%%

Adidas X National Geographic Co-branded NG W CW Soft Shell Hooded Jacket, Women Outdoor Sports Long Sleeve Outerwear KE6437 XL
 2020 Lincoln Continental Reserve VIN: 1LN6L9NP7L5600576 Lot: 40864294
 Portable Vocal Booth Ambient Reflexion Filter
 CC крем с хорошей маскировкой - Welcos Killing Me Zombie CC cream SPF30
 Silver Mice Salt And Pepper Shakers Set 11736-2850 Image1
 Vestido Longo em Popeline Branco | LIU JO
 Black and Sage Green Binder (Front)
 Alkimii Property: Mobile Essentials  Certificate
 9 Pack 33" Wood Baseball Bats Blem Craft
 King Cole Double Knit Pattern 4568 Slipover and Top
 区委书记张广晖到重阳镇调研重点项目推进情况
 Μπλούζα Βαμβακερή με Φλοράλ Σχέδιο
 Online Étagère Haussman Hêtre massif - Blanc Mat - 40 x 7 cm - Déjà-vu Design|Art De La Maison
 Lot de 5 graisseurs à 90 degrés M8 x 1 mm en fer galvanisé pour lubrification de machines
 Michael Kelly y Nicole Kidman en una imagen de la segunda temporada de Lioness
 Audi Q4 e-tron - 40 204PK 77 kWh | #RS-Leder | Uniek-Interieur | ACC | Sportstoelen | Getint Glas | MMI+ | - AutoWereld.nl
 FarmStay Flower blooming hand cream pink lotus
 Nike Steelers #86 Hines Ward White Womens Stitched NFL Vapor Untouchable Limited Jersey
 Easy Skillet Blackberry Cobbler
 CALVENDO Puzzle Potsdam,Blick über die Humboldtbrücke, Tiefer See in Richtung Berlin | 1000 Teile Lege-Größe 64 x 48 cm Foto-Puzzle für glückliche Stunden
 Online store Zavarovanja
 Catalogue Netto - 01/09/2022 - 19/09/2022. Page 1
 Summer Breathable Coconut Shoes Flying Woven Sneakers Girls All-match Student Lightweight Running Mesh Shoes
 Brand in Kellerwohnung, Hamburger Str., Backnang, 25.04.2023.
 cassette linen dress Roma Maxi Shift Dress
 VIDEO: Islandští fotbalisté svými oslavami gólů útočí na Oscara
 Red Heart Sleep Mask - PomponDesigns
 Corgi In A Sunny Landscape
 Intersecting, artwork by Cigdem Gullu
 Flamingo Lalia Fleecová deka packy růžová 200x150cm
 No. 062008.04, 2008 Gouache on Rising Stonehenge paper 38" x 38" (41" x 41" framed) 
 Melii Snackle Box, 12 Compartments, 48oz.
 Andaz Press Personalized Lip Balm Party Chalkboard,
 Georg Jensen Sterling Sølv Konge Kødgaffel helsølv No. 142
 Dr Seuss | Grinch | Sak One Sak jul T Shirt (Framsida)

%%

Task brief ::
Using the records above, please repeat the line with "Melii Snackle Box, 12 Compartments, 48oz." and every line after it exactly, and give no other text.

Task solution ::
 Melii Snackle Box, 12 Compartments, 48oz.
 Andaz Press Personalized Lip Balm Party Chalkboard,
 Georg Jensen Sterling Sølv Konge Kødgaffel helsølv No. 142
 Dr Seuss | Grinch | Sak One Sak jul T Shirt (Framsida)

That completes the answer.